Millau. Résister à la guerre sociale.

Des manifestants s'invitent aux vœux de l'hôpital le 17 janvier dernier.

De l’hôpital médian à la remise en cause de notre système solidaire de retraite… Résister à la guerre sociale.

Vendredi 17 janvier, nous étions plus d’une centaine –personnels hospitaliers, usagers, militants divers- à nous inviter à la présentation des vœux à l’hôpital de Millau. Que du bonheur ! Un directeur au sourire crispé, des élu(e)s coincé(e)s, les uns et les autres incapables de se faire entendre, d’étaler les banalités de leurs vœux. Les manifestants n’étaient pas venus pour les petits fours, mais pour dénoncer cette escroquerie d’hôpital médian, confirmée chiffres et expériences à l’appui, par l’association de défense des hôpitaux de proximité du Sud-Aveyron « Le Manifeste ».

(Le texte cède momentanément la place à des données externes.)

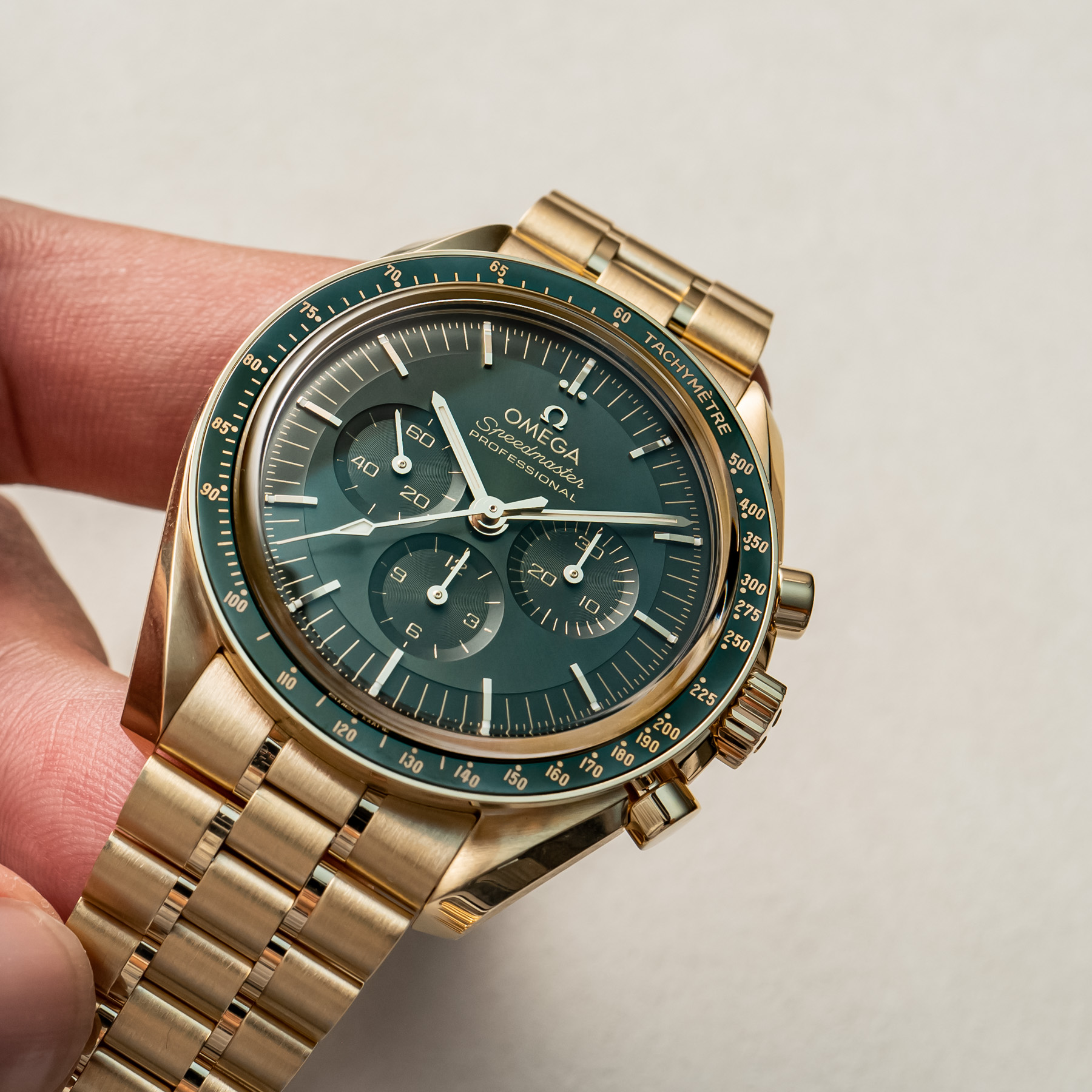 Omega Speedmaster Moonwatch Professional Co‑Axial Master Chronometer ...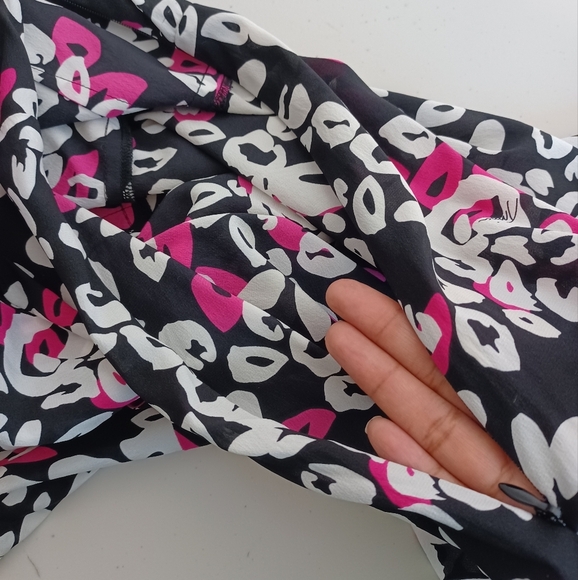 Trina Turk Y2K Babydoll Cap-Sleeve Office Blouse - Picture 12 of 12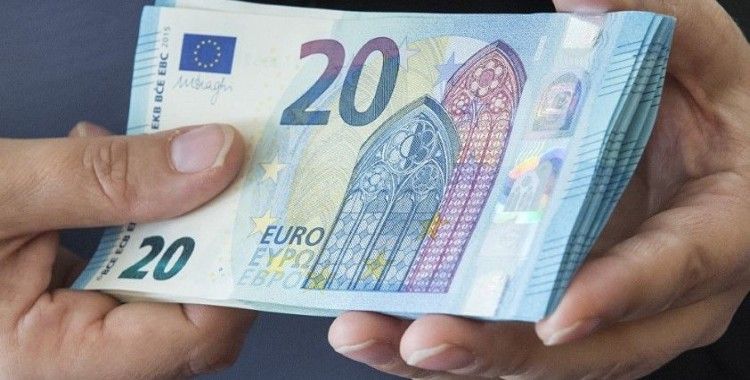 Almanya'da 'yastık altı' birikim 235 milyar euro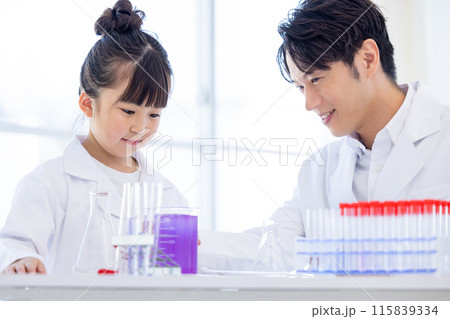 科学の勉強をする小学生の女の子と先生 115839334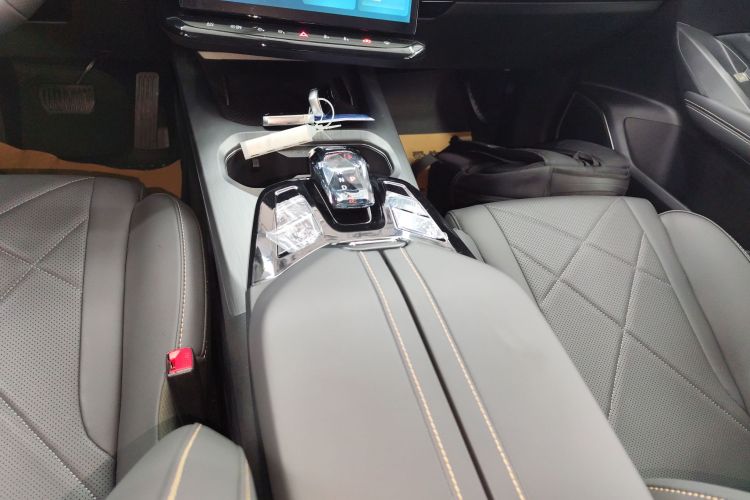 凯翼昆仑 2025款 1.5T 山峰版 5座中控内饰18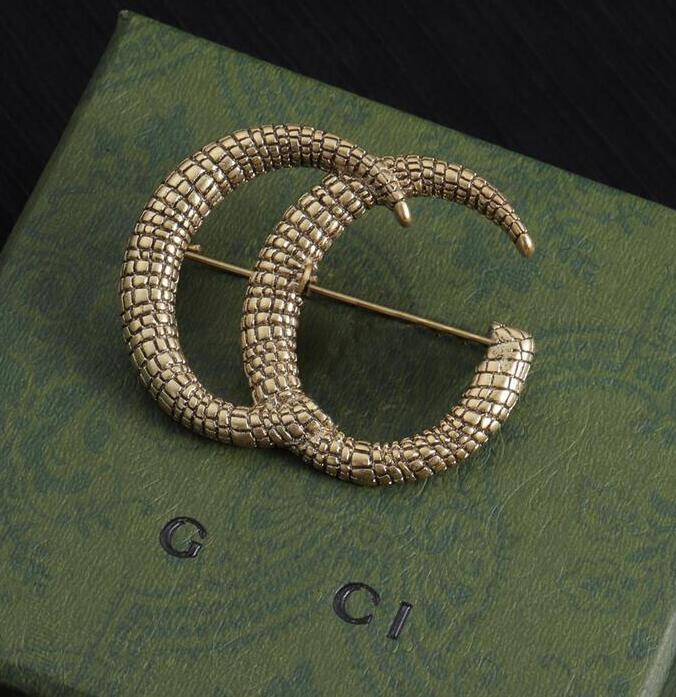 Fsahion Brand Brooches Designer Retro Bronze Plated Brooch Pin Classic Quality Jewelry Accessorie For Women Men Party Selected Lovers Gift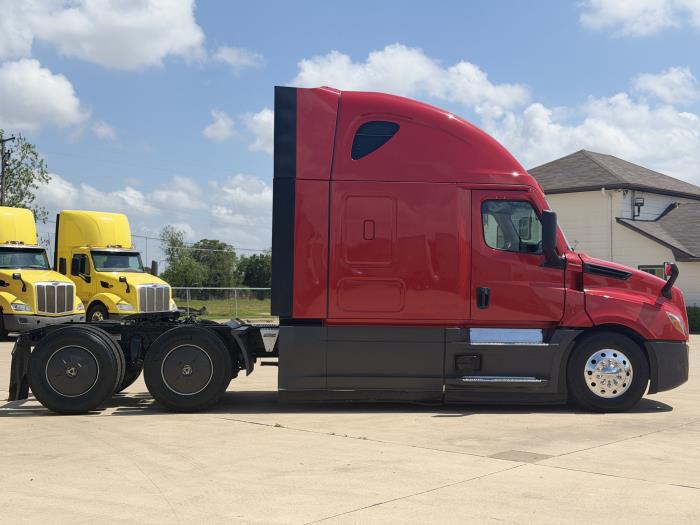 2023 Freightliner Cascadia-3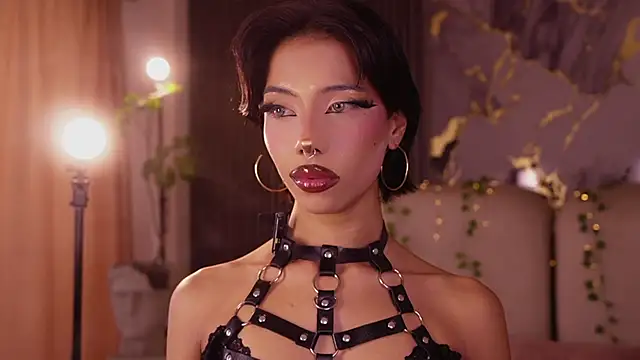 soidai_miiu (F young) - Play With Oil in My Body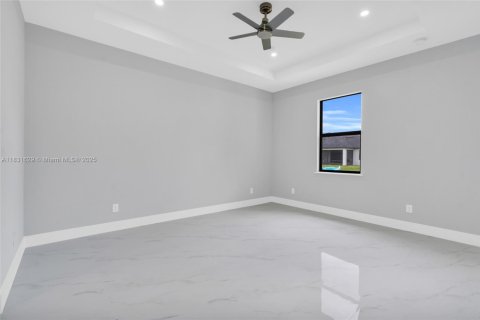 House in Lehigh Acres, Florida 4 bedrooms, 159.23 sq.m. № 1809605 - photo 12
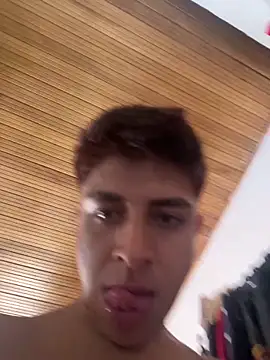 motomotoboy online show from March 30, 4:08 pm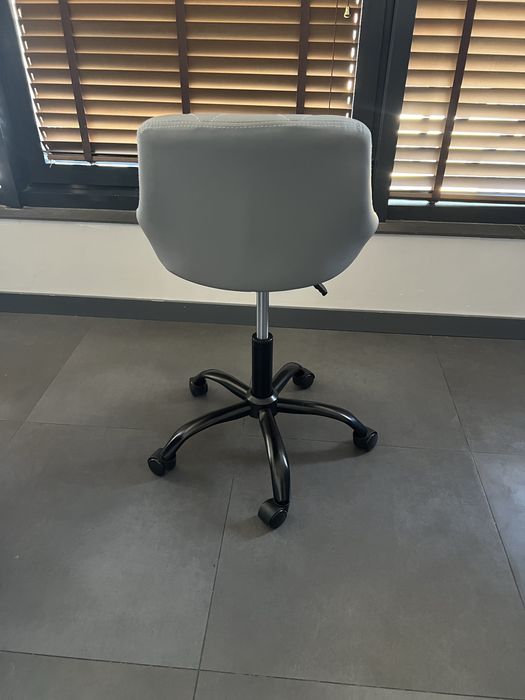 Стол на колелца Soho /bb/-24м гаранция и безплатна до офис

Le coup est dur pour les chantres de cette coquille vide censée se substituer à la fermeture de nos 2 hôpitaux publics de Millau et Saint-Affrique, tellement dur que certains ont regretté en aparté, l’annonce prématurée d’Agnès Buzin accusée de parasiter la campagne des municipales. Autrement dit, cachons ce scandale à nos concitoyens, notre santé ne relevant pas du bien commun, mais du « fric Roi ».

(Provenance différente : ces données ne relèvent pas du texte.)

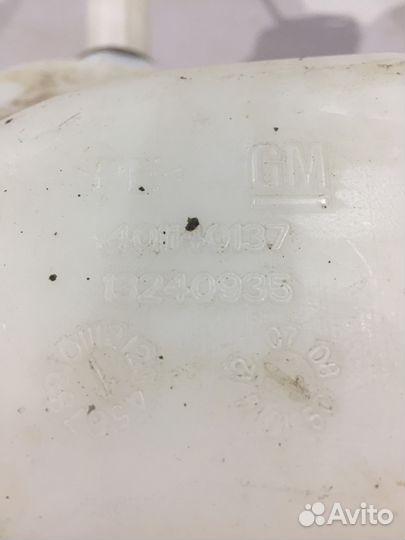 Бачок омывателя Opel Insignia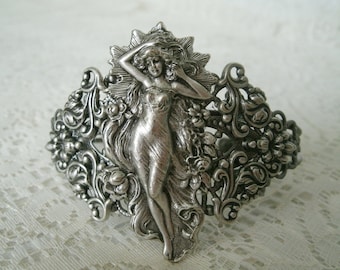 JEWELRY from the Renaissance to Art Nouveau Hardback Book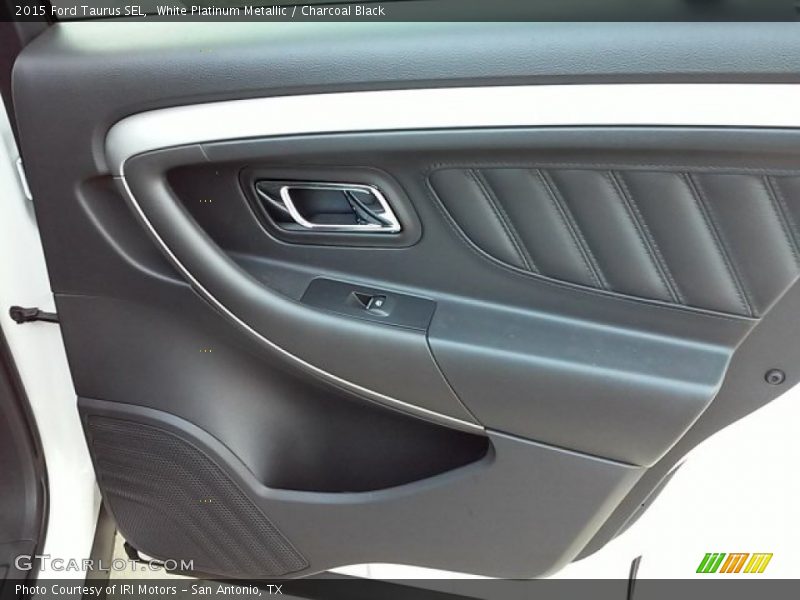 White Platinum Metallic / Charcoal Black 2015 Ford Taurus SEL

La guerre sociale, menée par Macron et les siens contre nos hôpitaux publics, remet en cause avec brutalité notre système de retraite par répartition basé sur la solidarité. La riposte exemplaire des cheminots, rejoints par les enseignants, les agents hospitaliers, de nombreux salarié(e)s, soutenus majoritairement par nos concitoyens, a ébranlé l’arrogance du président des riches. Samedi 11 janvier, le 1er ministre a tenté une dernière manœuvre mensongère en adressant aux syndicats un courrier dans lequel il se disait prêt à revenir sur l’âge pivot. Il n’en fallait pas plus pour que les grands médias, par leurs chiens de garde du capitalisme, ne montent aux arbres pour saluer la victoire d’E.Philippe et de 2 syndicats coutumiers des renoncements et des trahisons. Ce matraquage s’accompagne d’insultes, de calomnies contre les autres syndicats, la CGT en tête qualifiée de terroriste, qualificatif employé sous l’occupation contre les résistants !

Le problème pour ce gouvernement, c’est que la vérité l’a vite rattrapé, et les mensonges d’État éclatent au grand jour. L’âge pivot n’a pas été retiré ; il porte le nom d’âge d’équilibre, et pourrait être retiré à la condition que les syndicats se mettent d’accord avec le MEDEF sous réserve que l’on n’augmente pas les cotisations patronales, que l’on ne taxe pas les exorbitants revenus financiers et que l’on renonce à l’égalité salariale homme/femme. Autrement dit, choisir la couleur de la corde avec laquelle les futurs retraités seront pendus. Laissons ce privilège au patron de la CFDT Laurent Bergé.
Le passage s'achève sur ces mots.